Optical Aberrations
Any deviations from a perfectly flat wavefront indicates optical aberration . There are several types of aberration measured by Quick Fringe:
- Tilt – How much the wavefront is tilted by the interferometer.
- Defocus – Distance from best focus.
- Spherical Aberration – A measure of the curvature of the wavefront.
- Coma – An aberration which results in a pear-shaped image. This occurs in off-axis images on Newtonian telescopes.
- Astigmatism – A measure of the "potato chip" shape of the optic - how much more curvature it has in one direction than another.
The first two of these, tilt and defocus, are due to the setup of the interferometer. The tilt is introduced deliberately to make the measurements possible. As long as the tilt is relatively small, it has no effect on the measurement. Defocus is the adjustment required to reach best focus for the optic. Since these aberrations are due to the adjustment of the interferometer relative to the test optic, neither of these two really have anything to do with the test optic. These aberrations are usually subtracted; this is easily done in Quick Fringe. Note: if you are testing an optical flat, do not subtract defocus; you need to know if the flat has any power.
Coma is often caused by misalignment between the interferometer and the test optic. This measurement can be useful to check off-axis performance.
There are also three measurements of overall quality of the optic:
- Root-Mean-Square – RMS error is a form of average error measure over the entire surface.
- Peak-To-Valley – P-V error is difference between the highest point and the lowest point on the surface.
- Strehl Ratio – The peak intensity of a point-source image produced by the optic compared to that produced by a perfect system.
The P-V rating is commonly used to describe overall optical quality. Lord Rayleigh was the first to point out that if the P-V error is less than 1/4-wave, the image will not be significantly compromised. This is the so-called 1/4-wave "diffraction limit". This is actually a misnomer; for example, the difference between a 1/4-wave telescope and a 1/10-wave telescope can be seen by a discriminating visual observer. The 1/4-wave specification is considered a minimum standard for optical quality in many situations.
The RMS error is a fairer rating of the surface because it is essentially an average error over the whole surface.
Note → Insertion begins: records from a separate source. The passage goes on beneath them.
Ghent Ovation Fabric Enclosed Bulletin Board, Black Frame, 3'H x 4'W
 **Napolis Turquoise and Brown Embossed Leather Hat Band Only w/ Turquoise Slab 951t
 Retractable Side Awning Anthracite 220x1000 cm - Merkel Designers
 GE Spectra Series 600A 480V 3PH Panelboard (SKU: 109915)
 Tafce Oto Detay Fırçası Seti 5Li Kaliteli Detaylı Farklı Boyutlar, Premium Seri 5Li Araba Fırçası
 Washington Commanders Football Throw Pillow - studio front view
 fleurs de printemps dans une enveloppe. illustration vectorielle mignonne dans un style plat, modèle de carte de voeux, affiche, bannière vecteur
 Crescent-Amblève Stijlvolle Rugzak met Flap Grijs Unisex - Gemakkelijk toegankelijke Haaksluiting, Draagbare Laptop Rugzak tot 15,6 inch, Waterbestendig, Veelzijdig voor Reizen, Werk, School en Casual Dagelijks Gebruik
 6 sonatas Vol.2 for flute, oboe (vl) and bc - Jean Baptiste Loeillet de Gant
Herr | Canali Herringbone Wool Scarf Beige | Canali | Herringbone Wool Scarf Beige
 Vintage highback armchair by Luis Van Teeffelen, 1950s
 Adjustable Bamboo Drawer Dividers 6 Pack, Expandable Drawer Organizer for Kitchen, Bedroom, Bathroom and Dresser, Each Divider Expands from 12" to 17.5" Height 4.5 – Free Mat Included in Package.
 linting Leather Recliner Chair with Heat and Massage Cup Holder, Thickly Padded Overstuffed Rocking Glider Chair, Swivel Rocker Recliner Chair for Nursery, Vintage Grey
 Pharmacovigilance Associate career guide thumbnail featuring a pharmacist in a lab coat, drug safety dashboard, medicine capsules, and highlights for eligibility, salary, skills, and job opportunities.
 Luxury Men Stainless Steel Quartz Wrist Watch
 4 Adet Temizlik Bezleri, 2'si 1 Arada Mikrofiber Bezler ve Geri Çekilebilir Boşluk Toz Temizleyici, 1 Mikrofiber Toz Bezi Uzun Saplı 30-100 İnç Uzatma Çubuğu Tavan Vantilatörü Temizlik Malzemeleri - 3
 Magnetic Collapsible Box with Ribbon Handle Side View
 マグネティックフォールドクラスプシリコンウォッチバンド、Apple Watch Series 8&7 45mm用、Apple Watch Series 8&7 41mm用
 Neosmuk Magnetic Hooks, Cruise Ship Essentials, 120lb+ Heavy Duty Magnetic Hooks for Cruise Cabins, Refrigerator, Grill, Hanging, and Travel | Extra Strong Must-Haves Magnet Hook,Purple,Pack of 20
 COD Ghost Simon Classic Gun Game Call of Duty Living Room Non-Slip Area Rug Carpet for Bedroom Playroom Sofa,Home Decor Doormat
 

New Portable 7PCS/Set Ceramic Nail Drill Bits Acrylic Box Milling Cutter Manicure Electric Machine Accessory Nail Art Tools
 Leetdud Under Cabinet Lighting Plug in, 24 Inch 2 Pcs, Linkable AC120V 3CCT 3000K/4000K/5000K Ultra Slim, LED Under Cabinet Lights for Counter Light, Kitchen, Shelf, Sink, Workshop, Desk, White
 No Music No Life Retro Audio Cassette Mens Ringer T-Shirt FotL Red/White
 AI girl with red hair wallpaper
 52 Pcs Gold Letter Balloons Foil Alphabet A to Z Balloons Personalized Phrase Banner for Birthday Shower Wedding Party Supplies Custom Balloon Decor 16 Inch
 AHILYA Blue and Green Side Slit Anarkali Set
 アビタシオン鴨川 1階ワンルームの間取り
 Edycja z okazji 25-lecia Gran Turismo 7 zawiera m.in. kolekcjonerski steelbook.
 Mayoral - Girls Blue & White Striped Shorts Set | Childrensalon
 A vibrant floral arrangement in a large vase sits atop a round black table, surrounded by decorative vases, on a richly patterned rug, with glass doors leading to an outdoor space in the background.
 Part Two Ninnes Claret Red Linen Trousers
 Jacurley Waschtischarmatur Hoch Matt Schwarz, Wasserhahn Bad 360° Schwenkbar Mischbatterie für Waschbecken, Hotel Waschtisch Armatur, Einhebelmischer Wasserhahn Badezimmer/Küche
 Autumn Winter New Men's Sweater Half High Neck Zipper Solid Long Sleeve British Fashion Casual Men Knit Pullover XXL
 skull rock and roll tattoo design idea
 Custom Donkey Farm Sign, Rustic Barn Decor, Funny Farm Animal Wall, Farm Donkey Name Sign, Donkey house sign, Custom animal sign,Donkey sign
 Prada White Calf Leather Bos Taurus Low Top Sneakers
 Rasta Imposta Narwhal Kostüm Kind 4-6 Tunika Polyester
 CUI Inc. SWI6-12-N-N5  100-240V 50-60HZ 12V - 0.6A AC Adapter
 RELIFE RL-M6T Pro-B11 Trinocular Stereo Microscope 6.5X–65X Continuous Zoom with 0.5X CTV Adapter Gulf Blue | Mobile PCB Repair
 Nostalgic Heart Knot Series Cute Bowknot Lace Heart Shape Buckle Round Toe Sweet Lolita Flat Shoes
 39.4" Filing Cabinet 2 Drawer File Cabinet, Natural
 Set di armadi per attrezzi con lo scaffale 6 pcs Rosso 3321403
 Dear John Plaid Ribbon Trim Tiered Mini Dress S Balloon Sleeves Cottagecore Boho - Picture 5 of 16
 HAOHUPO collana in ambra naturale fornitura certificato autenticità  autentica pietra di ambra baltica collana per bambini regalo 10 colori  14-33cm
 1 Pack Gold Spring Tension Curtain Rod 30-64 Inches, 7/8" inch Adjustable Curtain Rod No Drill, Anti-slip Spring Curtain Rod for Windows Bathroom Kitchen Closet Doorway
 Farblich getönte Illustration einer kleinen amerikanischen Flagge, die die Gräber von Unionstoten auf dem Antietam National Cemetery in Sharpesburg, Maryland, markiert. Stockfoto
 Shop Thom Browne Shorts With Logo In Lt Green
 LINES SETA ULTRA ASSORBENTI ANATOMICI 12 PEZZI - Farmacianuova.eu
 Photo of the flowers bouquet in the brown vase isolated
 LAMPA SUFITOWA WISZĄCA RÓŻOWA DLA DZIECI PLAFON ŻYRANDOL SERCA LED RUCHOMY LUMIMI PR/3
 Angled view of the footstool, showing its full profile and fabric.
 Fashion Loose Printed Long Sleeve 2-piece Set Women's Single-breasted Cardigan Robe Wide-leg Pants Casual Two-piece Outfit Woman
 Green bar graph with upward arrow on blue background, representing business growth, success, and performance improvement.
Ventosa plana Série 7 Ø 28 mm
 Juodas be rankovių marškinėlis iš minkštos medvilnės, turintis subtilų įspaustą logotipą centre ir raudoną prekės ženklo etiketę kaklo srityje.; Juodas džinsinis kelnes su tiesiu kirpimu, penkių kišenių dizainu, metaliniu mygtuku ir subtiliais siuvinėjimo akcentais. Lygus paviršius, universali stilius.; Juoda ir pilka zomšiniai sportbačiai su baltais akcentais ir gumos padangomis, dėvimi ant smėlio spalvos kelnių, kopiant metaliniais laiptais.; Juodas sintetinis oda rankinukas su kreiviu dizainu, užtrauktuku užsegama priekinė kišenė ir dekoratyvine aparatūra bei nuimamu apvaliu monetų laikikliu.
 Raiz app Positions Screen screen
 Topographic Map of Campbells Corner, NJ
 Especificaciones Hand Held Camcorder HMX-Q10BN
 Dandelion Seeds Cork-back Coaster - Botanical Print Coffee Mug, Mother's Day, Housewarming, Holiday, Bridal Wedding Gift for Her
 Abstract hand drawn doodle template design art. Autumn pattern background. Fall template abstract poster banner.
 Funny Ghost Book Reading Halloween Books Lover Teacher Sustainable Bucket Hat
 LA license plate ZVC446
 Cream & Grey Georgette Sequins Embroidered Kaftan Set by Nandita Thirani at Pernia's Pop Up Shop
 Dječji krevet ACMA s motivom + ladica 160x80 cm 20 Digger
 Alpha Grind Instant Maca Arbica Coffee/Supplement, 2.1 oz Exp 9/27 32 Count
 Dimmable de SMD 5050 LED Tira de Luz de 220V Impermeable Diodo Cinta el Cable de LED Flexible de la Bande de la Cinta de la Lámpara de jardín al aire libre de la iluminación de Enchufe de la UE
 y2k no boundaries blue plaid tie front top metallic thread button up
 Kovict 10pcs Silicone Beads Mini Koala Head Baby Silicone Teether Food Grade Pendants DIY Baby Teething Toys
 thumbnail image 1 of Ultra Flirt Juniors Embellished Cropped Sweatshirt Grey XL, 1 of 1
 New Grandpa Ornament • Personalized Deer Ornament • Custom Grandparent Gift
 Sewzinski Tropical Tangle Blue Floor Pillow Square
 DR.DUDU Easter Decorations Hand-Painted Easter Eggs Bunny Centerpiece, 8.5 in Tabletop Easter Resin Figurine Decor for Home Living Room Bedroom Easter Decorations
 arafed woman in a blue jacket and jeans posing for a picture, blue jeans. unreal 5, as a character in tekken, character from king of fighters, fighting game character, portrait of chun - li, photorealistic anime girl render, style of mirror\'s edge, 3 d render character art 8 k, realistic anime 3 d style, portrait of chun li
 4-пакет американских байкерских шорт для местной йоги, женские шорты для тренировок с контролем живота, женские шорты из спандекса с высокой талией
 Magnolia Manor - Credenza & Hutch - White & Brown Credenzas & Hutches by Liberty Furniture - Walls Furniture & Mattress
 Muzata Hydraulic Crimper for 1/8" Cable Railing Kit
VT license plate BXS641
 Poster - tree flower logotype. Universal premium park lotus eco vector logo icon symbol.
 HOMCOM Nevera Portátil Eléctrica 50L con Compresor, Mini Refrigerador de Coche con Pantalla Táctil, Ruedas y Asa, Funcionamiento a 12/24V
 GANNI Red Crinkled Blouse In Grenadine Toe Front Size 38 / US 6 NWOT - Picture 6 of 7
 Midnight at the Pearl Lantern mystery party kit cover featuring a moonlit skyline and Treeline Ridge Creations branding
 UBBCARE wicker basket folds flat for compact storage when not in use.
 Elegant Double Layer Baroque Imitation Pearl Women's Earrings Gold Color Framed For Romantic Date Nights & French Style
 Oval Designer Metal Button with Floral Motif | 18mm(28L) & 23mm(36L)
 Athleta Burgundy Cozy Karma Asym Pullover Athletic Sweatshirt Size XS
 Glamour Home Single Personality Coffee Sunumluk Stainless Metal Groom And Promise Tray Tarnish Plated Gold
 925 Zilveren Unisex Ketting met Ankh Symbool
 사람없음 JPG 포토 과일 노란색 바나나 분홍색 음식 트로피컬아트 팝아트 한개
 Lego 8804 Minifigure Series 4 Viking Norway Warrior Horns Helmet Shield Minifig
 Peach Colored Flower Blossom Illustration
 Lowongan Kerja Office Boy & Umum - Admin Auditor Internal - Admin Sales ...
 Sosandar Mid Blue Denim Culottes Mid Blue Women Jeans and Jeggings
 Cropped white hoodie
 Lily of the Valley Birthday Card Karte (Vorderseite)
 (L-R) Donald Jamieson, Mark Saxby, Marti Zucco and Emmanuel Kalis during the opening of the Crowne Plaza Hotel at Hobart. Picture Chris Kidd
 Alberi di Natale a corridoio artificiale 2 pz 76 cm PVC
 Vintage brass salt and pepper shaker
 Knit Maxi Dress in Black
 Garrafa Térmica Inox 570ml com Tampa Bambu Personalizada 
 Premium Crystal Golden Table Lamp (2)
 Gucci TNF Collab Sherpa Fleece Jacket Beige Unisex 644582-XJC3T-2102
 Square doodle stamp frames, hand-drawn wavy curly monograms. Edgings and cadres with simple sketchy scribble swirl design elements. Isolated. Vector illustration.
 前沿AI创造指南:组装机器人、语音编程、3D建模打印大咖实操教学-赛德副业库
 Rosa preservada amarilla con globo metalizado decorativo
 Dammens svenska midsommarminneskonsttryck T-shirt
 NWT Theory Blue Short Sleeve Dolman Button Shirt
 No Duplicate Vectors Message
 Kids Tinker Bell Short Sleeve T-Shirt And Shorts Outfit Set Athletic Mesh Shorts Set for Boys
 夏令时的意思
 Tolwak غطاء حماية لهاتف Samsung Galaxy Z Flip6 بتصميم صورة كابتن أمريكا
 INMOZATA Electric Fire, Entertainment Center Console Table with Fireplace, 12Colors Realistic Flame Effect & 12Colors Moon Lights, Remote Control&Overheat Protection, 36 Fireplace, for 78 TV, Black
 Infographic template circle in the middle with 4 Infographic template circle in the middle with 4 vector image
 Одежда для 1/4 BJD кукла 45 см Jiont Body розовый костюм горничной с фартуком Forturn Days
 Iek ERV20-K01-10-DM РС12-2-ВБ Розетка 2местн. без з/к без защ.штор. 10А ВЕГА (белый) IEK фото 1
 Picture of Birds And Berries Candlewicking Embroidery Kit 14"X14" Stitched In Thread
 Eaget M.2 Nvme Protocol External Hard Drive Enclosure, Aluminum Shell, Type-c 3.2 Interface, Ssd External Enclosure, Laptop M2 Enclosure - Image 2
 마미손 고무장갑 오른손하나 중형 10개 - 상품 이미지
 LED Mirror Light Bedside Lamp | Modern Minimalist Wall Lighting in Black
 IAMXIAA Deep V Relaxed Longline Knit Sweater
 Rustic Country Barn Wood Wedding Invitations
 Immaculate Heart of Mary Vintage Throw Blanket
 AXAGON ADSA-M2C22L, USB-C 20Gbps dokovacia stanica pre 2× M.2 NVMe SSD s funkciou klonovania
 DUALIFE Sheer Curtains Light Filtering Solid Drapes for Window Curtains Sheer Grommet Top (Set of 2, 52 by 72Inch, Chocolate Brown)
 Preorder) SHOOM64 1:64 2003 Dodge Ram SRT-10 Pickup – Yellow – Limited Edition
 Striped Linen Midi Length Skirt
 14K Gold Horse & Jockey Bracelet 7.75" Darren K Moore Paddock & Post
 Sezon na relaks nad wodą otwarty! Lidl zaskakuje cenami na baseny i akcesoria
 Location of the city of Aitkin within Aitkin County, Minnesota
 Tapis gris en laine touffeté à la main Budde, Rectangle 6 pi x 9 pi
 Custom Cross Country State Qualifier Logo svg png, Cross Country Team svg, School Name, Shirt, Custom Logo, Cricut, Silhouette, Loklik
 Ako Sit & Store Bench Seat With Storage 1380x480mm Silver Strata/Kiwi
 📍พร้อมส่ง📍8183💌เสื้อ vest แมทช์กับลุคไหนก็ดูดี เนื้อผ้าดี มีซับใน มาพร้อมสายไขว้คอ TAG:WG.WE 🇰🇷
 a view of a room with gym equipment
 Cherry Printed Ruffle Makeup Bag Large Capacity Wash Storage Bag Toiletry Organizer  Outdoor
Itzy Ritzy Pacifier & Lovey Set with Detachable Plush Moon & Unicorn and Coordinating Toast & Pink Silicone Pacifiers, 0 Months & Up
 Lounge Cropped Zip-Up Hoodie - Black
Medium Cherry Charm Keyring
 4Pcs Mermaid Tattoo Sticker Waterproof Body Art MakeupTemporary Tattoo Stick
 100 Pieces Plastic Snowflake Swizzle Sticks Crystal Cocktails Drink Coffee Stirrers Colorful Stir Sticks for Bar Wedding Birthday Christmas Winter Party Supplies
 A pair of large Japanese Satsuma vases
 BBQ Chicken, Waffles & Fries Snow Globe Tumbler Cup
Note that the RMS rating must be better than 0.075 for the optic to be considered diffraction-limited.
The Strehl ratio gives an indication of the effect of the optical system on a point source image. It is simply the ratio of the peak intensity produced by the optical system versus that produced by an ideal optical system. The "Strehl Limit" of acceptable optical quality is generally considered to be 0.8.
A warning about the various aberration measurements is in order . You might have a mirror which has more waves of spherical aberration than the P-V measurement shows. This is not a problem with the software. The spherical aberration has been canceled out by another aberration. There are "higher-order" aberrations which can do this. An example would be a zone from 80% to the edge which cancels out some of the overall spherical aberration. In terms of overall quality, the only measurements you really need to worry about are the RMS and P-V wave readings or the Strehl ratio.